# Problem requirements
There is one span to output from the data below: the lines starting at the line with "Winter Cabin in" and ending at the line with "Metallic-glänzende Mini-Clutch für". Output it exactly, ends included, nothing more.

# Materials provided
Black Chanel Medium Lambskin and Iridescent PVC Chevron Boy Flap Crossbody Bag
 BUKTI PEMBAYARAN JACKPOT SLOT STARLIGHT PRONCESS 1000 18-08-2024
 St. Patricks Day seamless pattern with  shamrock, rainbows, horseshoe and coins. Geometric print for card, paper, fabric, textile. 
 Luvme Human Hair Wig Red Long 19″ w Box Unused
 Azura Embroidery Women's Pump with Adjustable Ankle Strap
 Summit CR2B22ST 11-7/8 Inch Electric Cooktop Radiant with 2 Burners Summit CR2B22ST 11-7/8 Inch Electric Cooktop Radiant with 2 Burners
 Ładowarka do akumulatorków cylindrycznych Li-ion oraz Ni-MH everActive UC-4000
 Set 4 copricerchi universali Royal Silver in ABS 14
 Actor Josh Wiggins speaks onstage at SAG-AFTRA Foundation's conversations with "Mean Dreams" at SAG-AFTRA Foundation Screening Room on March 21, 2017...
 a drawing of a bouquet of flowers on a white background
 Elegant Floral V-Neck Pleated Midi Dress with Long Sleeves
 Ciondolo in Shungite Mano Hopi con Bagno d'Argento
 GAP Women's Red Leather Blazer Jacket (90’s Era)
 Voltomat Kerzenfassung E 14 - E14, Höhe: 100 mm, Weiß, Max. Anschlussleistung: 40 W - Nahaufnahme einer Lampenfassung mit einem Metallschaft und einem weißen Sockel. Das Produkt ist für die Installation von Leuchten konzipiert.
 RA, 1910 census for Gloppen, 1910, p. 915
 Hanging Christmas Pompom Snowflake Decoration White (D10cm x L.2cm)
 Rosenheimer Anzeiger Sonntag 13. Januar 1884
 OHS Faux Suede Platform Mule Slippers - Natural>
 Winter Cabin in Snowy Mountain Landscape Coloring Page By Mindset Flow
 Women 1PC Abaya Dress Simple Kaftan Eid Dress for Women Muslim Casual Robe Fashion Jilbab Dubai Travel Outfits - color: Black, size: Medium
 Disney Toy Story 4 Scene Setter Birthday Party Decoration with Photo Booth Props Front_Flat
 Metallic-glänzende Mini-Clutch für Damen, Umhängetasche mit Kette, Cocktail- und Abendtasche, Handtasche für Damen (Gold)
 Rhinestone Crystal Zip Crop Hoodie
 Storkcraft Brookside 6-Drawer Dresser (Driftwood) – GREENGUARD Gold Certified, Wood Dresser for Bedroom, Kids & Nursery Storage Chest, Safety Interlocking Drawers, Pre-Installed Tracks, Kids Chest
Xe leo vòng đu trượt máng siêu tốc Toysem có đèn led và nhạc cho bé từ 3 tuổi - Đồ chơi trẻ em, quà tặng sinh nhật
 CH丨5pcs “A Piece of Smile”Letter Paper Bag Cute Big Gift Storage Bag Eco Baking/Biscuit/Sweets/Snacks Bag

# Exercise result
 Winter Cabin in Snowy Mountain Landscape Coloring Page By Mindset Flow
 Women 1PC Abaya Dress Simple Kaftan Eid Dress for Women Muslim Casual Robe Fashion Jilbab Dubai Travel Outfits - color: Black, size: Medium
 Disney Toy Story 4 Scene Setter Birthday Party Decoration with Photo Booth Props Front_Flat
 Metallic-glänzende Mini-Clutch für Damen, Umhängetasche mit Kette, Cocktail- und Abendtasche, Handtasche für Damen (Gold)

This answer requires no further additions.